**What is expected**
What are the lines from the one containing "Model walking a" through the end of the listing below? Return them exactly, and only them.

**Data supplied**
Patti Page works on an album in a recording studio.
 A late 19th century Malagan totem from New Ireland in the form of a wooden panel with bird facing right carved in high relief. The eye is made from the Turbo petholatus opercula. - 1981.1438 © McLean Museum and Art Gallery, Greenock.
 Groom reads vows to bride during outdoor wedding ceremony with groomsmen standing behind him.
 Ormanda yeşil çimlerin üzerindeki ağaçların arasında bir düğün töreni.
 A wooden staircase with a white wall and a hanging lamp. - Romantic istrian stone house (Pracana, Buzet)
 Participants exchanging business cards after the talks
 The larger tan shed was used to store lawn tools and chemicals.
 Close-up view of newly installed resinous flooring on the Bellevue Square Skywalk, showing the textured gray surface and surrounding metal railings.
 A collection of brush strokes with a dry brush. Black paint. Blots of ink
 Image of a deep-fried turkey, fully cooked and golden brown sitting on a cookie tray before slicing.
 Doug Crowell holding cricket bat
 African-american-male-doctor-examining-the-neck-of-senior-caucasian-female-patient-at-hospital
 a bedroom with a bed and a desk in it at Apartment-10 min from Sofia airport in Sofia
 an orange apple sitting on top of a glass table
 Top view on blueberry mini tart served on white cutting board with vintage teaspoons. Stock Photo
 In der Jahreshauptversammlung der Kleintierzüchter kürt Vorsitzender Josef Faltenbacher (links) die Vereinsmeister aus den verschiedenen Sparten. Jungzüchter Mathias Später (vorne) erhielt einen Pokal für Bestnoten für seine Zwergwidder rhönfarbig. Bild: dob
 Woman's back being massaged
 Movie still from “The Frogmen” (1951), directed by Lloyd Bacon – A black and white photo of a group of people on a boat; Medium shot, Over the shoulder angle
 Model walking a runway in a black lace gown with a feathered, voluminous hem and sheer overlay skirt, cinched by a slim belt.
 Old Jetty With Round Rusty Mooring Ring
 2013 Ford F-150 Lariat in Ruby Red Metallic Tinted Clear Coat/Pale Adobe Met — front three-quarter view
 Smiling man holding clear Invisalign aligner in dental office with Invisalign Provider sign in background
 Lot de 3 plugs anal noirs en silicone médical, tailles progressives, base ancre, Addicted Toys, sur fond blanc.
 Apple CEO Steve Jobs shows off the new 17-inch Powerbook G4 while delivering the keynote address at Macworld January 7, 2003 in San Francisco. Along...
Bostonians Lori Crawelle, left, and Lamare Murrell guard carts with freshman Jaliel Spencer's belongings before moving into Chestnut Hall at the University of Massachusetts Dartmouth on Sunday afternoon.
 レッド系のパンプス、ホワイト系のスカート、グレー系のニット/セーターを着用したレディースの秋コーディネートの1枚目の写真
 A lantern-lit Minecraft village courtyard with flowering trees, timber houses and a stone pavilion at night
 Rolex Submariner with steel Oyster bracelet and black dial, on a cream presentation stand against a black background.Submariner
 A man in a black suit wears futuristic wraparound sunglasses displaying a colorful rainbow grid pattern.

**Exercise output**
 Model walking a runway in a black lace gown with a feathered, voluminous hem and sheer overlay skirt, cinched by a slim belt.
 Old Jetty With Round Rusty Mooring Ring
 2013 Ford F-150 Lariat in Ruby Red Metallic Tinted Clear Coat/Pale Adobe Met — front three-quarter view
 Smiling man holding clear Invisalign aligner in dental office with Invisalign Provider sign in background
 Lot de 3 plugs anal noirs en silicone médical, tailles progressives, base ancre, Addicted Toys, sur fond blanc.
 Apple CEO Steve Jobs shows off the new 17-inch Powerbook G4 while delivering the keynote address at Macworld January 7, 2003 in San Francisco. Along...
Bostonians Lori Crawelle, left, and Lamare Murrell guard carts with freshman Jaliel Spencer's belongings before moving into Chestnut Hall at the University of Massachusetts Dartmouth on Sunday afternoon.
 レッド系のパンプス、ホワイト系のスカート、グレー系のニット/セーターを着用したレディースの秋コーディネートの1枚目の写真
 A lantern-lit Minecraft village courtyard with flowering trees, timber houses and a stone pavilion at night
 Rolex Submariner with steel Oyster bracelet and black dial, on a cream presentation stand against a black background.Submariner
 A man in a black suit wears futuristic wraparound sunglasses displaying a colorful rainbow grid pattern.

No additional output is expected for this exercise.